Bense giderek bir ambleme dönüştüğümü hissediyordum. Çift gövdeli bir ağacın bana ayrılmış yarısına. Göğe uzanan dallar yalnızca birer özgürlük yanılsamasıydı, gerçekte tüm köklerimle toprağa mühürlenmiştim. Ve sırf bu yüzden, nereye gidersem gideyim yerleştiğim topraklar benim esaretim olacaktı.
Öte yandan, aynı durum Melek için geçerli değildi. Yurtdışına giderse muhtemelen daha güvende olurdu, üstelik peşine bir koruma ordusu takarak bunu garanti altına alırdım. Her şey bir yana, Arzu'dan uzaklaşmış olacaktı. Bu durumun benim lehime olmadığını biliyordum fakat sarışından uzak kalması Melek'in yararına olurdu.
Çaresizce iç çektim. Pekala yurtdışında ona sahte bir kanka ayarlama şansım vardı. Üstelik kanka olacağı kişiyi ben seçeceğim için sarışından daha çok faydası dokunabilirdi. Ne yazık ki, gittiği taktirde beni tamamen hayatından çıkarmış olacaktı Melek. Ki bu benim için kabullenmesi imkansıza eşdeğer bir durumdu. Eline silah alıp beni kalbimden vursa bile önce kurşunu çıkarttırır, sonra tekrar peşine takılırdım.
Onun hayatından çıkmak istememe sebep olacak bir şey yapabileceğini hayal bile edemiyordum.
✧ ══════ • ♡ • ══════ ✧
İzlediğim bir bilimkurgu dizisinde birbirine çok aşık bir çift vardı. Erkek olan, küçük yaşta bir kaza geçirmiş ve oradan kıl payı sağ kurtulmayı başarmıştı. Dizideki kötü karakter bunu öğrendiğinde geçmişe gidip o kazaya müdahale ediyor ve adamın çocukken ölmesine sebep oluyordu.
Tüm evrenin kaderinin değişmesi demekti bu. Çocukken öldüğü için adam sadece yok olmakla kalmıyor, aynı zamanda da tüm sevdiklerinin hafızasından siliniyordu. Beş yaşından sonra hiç var olmamıştı evrende, sevdiği insanlar onu kaybettiklerinin farkında bile değillerdi.

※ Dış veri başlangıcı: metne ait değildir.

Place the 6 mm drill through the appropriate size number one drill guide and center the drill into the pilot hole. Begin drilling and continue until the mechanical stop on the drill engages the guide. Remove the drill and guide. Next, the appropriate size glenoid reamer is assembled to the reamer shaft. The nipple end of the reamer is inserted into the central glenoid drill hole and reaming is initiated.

Adam bir yolunu bulup evrene yeniden döndüğünde karşısına çıkan manzara buydu işte. İş arkadaşları, dostları ve hatta babası bile tanımıyordu onu, hepsinin gözünde sıradan bir yabancıdan ibaretti. Fakat sevdiği kadınla karşılaştığı zaman durum böyle olmamıştı. Kadın da diğerleri gibi adamı hatırlamıyordu, fakat göz göze geldikleri anda onun sadece bir yabancı olmadığını hissetmişti. Birbirini tanıyan bir şeyler vardı aralarında, kayıtsız kalmanın imkansız olduğu bir şey...

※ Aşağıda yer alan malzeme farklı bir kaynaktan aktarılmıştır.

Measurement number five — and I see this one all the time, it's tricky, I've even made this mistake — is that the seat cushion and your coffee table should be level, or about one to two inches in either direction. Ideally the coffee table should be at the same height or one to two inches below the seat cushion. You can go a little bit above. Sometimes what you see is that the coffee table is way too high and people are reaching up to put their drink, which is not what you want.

Kayın ağacının altında Aras'ı ilk gördüğüm zaman hissettiğim şey buydu işte. Sanki silinmiş bir geçmişte çok yakından tanıdığım, hayatımın merkezinde bulunan fakat varlığına dair hiçbir şey hatırlamadığım bir adam çıkmıştı karşıma. Başka bir evrende ya da başka bir cehennemde, ama muhakkak bir yerlerde, bu yıldızlarla dolu mavi gözleri sayısız kez gördüğümü biliyordum. Birbirini tanıyan bir şeyler vardı aramızda, kayıtsız kalmayı imkansız kılan bir şey...

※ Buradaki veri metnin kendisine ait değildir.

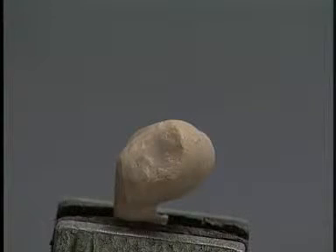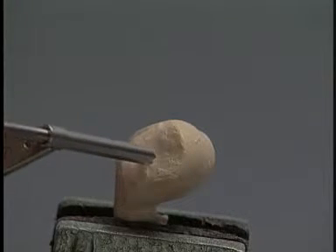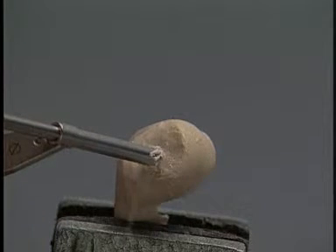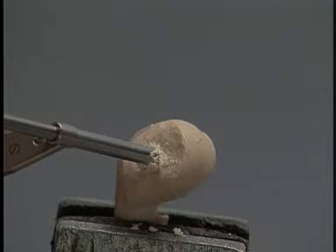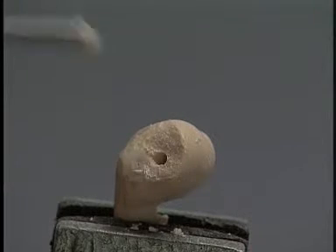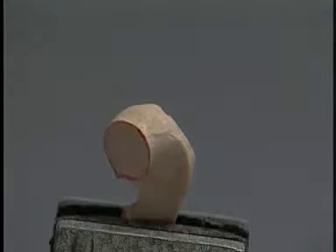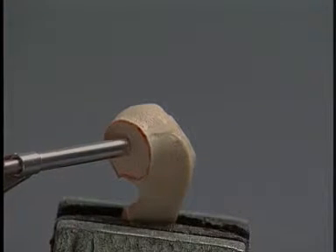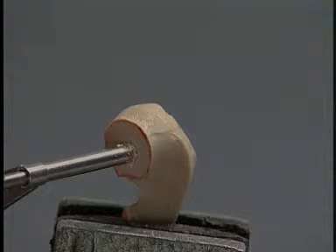The lag screw may be placed from medial to lateral or, as shown, from lateral to medial. The glide hole, which parallels the joint surface, may be drilled from a point just distal and cranial to the lateral epicondyle toward the fracture surface. Alternatively, the glide hole may be started at the fracture surface. This can be done in either the medial or the lateral fragment.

Rüyamda karşılaştığımız günü görürken o hissi bir kez daha yaşıyorum. Sonra güneş giriyor aramıza, göz kapaklarıma bir deste ok gibi saplanıp beni uykunun koynundan alıyor. Elimi yüzüme siper ederek doğrulmaya çalışırken şaşkınlıkla pencerenin dışındaki manzarayı izliyorum. Sanki dün gece lapa lapa kar yağmamış gibi günlük güneşlik hava, geldiğimizden bu yana ilk kez göz gözü görüyor.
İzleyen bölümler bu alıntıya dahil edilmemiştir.